WORKING DATA:
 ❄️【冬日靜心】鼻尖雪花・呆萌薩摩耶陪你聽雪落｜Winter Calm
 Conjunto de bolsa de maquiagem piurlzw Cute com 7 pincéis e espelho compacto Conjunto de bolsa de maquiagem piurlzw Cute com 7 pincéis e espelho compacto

* * *

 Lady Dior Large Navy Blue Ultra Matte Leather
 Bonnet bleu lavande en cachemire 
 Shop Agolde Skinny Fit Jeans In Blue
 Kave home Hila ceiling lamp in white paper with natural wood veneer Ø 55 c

==

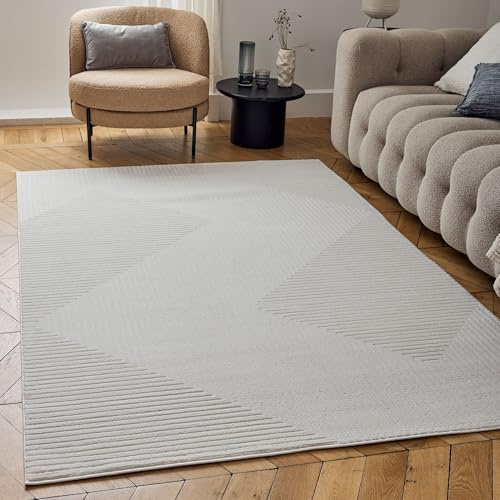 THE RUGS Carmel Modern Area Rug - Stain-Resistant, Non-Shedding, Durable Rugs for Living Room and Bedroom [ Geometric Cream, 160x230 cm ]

PROMPT: Give again, word for word, every line of the listing above from the one with "Shop Agolde Skinny Fit Jeans In Blue" to the one with "Kave home Hila", both inclusive, and nothing beyond them.

SOLUTION FOR THIS TASK:
 Shop Agolde Skinny Fit Jeans In Blue
 Kave home Hila ceiling lamp in white paper with natural wood veneer Ø 55 c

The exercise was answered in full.